[THE RECORDS Boundary: Start]
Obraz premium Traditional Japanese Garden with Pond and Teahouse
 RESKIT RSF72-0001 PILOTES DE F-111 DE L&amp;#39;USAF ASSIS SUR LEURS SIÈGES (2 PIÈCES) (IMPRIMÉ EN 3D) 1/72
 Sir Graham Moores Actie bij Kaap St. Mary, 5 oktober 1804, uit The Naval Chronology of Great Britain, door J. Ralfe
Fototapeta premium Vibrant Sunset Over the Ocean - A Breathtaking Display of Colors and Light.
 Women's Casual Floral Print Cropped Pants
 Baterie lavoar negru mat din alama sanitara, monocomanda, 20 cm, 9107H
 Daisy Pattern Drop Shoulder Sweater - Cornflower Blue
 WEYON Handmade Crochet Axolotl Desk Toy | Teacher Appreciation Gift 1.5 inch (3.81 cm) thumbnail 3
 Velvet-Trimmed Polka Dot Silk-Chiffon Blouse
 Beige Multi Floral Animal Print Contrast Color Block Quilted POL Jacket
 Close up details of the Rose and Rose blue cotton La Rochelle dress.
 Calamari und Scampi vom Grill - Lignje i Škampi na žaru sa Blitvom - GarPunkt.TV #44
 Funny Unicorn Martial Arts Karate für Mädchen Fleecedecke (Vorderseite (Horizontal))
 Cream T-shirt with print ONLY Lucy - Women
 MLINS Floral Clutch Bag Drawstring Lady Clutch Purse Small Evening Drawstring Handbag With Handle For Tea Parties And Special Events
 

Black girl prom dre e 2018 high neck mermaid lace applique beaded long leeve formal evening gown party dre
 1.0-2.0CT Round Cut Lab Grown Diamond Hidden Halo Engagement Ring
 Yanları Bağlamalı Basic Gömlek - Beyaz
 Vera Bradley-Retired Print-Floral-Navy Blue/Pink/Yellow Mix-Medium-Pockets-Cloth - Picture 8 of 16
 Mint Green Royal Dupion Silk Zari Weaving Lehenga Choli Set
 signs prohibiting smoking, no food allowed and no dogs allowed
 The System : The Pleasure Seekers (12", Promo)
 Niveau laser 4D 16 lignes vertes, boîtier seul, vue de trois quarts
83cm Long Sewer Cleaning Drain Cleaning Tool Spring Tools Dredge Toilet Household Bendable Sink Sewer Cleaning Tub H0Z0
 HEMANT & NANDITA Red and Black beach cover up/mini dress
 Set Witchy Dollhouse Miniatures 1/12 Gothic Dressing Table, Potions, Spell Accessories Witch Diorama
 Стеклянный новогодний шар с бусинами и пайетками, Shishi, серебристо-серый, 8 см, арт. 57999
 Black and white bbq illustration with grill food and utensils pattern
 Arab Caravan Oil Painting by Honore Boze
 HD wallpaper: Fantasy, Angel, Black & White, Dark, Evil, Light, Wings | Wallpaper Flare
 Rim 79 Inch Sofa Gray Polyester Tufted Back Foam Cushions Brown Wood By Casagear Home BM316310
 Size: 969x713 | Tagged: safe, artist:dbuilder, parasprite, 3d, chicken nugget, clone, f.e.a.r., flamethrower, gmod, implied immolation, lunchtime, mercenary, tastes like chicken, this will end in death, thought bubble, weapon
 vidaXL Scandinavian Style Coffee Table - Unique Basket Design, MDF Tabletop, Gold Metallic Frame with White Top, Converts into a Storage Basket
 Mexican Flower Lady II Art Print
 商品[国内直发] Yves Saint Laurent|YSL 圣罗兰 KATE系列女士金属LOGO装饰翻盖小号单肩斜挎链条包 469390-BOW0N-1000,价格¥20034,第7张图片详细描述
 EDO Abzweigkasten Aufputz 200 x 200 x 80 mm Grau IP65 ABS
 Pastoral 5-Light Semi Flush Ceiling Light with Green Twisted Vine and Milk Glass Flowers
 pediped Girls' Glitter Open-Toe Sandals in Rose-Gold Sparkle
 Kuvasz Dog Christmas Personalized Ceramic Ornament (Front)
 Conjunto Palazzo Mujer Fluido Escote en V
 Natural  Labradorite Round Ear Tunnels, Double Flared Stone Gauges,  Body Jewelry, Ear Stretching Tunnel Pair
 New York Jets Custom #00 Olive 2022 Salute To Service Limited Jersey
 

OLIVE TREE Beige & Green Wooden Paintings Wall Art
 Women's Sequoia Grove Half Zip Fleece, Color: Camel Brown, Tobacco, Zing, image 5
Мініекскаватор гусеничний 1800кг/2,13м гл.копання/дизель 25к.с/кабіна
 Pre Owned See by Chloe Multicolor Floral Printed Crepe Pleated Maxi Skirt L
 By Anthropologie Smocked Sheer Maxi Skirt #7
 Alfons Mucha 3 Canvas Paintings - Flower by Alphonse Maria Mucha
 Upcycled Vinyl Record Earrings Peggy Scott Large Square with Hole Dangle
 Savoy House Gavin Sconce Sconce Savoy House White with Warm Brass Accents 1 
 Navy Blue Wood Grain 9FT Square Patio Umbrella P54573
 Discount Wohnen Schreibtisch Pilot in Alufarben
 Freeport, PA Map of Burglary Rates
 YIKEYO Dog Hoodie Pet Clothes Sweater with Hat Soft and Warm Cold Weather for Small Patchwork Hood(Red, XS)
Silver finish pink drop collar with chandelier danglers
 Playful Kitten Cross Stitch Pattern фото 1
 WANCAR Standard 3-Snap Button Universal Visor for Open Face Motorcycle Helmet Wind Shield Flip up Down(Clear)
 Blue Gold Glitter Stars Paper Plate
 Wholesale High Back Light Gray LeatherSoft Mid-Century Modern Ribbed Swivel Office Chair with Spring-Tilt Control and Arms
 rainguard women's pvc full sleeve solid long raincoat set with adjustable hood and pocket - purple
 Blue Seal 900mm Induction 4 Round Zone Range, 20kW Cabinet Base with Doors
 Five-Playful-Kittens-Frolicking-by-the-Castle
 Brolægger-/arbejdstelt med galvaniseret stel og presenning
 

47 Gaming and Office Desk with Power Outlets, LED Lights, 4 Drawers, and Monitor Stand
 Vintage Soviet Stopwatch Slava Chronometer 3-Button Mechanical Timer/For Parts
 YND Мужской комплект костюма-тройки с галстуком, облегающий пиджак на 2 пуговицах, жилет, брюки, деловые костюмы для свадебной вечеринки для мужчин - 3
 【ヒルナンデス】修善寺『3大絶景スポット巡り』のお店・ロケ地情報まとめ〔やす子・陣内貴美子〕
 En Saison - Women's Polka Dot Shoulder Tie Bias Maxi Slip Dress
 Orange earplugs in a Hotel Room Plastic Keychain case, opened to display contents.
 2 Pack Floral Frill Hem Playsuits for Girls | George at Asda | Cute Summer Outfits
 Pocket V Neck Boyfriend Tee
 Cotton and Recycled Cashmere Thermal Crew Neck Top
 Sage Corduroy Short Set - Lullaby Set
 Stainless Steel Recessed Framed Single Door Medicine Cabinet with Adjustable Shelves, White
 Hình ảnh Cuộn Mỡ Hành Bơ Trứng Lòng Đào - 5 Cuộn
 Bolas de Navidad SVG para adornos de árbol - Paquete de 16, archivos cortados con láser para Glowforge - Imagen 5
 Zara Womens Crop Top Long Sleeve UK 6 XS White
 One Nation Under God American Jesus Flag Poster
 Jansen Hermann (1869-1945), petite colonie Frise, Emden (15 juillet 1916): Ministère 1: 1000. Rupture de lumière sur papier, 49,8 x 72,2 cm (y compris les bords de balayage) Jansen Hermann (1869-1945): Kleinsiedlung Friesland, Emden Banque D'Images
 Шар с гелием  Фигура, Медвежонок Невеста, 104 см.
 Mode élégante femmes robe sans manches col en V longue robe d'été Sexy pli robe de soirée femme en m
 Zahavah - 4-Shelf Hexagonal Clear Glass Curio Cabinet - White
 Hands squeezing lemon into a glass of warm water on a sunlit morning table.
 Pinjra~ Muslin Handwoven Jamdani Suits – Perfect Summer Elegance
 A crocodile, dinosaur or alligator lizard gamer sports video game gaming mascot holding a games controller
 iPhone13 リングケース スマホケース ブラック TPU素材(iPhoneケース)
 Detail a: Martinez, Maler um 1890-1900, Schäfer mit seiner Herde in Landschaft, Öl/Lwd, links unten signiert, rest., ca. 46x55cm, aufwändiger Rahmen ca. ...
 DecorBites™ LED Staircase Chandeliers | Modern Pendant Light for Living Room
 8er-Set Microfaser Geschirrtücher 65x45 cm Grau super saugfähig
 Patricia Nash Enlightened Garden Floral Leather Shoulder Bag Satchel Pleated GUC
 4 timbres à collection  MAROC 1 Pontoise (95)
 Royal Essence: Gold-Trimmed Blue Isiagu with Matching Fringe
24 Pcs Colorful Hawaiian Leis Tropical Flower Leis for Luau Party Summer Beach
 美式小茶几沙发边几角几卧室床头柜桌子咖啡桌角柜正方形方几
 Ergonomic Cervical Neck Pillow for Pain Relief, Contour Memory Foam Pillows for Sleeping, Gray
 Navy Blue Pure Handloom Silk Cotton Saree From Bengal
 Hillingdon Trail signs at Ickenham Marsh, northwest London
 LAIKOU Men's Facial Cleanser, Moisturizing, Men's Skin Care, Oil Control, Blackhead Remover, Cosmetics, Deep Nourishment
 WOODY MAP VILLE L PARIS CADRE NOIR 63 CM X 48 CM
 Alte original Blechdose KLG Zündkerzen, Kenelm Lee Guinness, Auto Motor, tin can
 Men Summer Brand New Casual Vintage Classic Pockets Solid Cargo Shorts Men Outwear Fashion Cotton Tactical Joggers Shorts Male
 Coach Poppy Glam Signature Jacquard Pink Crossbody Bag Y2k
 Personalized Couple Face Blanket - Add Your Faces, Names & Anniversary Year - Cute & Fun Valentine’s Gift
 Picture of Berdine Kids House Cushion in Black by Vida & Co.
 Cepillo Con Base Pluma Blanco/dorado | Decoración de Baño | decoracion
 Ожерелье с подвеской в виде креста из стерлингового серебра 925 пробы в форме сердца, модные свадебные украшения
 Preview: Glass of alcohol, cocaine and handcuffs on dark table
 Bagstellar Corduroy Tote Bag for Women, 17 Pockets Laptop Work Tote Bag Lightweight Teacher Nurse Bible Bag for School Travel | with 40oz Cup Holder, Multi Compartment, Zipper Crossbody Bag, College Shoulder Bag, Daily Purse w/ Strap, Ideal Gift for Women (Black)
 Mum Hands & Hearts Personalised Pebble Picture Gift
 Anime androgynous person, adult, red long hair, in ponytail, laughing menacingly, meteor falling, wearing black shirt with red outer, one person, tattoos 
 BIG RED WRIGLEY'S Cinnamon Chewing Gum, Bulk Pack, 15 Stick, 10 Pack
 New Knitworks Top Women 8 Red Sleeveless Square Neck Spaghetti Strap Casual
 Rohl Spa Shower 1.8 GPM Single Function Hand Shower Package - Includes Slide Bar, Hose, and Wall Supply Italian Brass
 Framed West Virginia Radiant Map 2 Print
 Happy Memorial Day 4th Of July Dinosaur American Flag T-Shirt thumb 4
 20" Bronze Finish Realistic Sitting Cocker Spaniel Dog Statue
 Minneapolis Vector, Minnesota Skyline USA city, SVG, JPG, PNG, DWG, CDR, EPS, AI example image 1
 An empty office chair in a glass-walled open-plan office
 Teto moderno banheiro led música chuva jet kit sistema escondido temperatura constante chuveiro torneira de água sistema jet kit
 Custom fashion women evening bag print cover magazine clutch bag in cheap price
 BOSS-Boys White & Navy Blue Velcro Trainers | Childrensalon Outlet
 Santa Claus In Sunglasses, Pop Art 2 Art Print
[THE RECORDS Boundary: End]
WHAT YOU NEED TO DO: Search the records for the word "Girls" and copy every line where it occurs.

OUTPUT OF THE EXERCISE:
 pediped Girls' Glitter Open-Toe Sandals in Rose-Gold Sparkle
 2 Pack Floral Frill Hem Playsuits for Girls | George at Asda | Cute Summer Outfits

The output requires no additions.